Dolly Parton Jokes


Q: Do you know what size of shoe Dolly Parton wears?
A: .....Neither does she.

Q: What do you get when you put Bill Clinton, Al Gore and Dolly Parton in the same room?
A: Two boobs and a country singer. 

Q: Did you hear about Dolly Parton passing out on stage?
A: It took four guys to carry her off -- two abreast. 

Q. Dolly Parton has been rumored to be a lesbian, so why do she and her husband remain married?
A. So he won't suffer from post-Parton depression.

Q. How can you spot Dolly's children in a crowd?
A. They're the ones with stretch marks round their mouths. 

What do call the sweat on Dolly's chest?
Mountain DEw

Why is Dolly's waist so small?
Nothing grows good in the shade.

Q: What do you call dumbass fans who can't understand the concept of humour?
A: Dollyfans

Q: Why does Dolly have small feet?
A: Everything grows smaller in the shade.
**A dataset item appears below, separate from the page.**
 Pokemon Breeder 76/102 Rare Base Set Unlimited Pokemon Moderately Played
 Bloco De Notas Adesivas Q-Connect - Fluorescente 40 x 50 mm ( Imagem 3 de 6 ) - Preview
Q: What do you get when you pour water down Dolly Parton's chest?
A: Islands in the Stream

Q: What do you call people who defend Dolly Parton?
A: Unfortunately deaf

Q: What do you call people who make mean jokes about Dolly Parton?
A: Jealous Ass-holes 

Q: What's worse than a giraffe with a sore throat?
A: Dolly Parton with a chest cold.

Q: What do you call Dolly Parton doing the backstroke?
A: Islands in the Stream

Dolly Parton is so skinny that when she turns sideways, she looks like she's smuggling melons.

Heaven
QUEEN Elizabeth and Dolly Parton die on the same day, and both go before an Angel to find out if they'll be admitted to Heaven.
Unfortunately, there's only one space left that day, so the Angel must decide which of them gets in.
The Angel asks Dolly if there's some particular reason why she should go to Heaven.
Dolly takes off her top and says, "Look at these, they're the most perfect breasts God ever created, and I'm sure it will please God to be able to see them every day, for eternity".
The Angel thanks Dolly and asks Her Majesty the same question.
The Queen takes a bottle of Perrier out of her purse, and drinks it down. Then, pees into a toilet and pulls the lever.
The Angel says, "ok, your Majesty, you may go in".
Dolly is outraged and asked,"What was that all about, I show you two of God's own perfect creations and you turn me down. She pees into a toilet and she gets in! Would you explain that to me"?
"Sorry, Dolly says the Angel, but even in Heaven A Royal Flush Beats a Pair No Matter How Big They Are".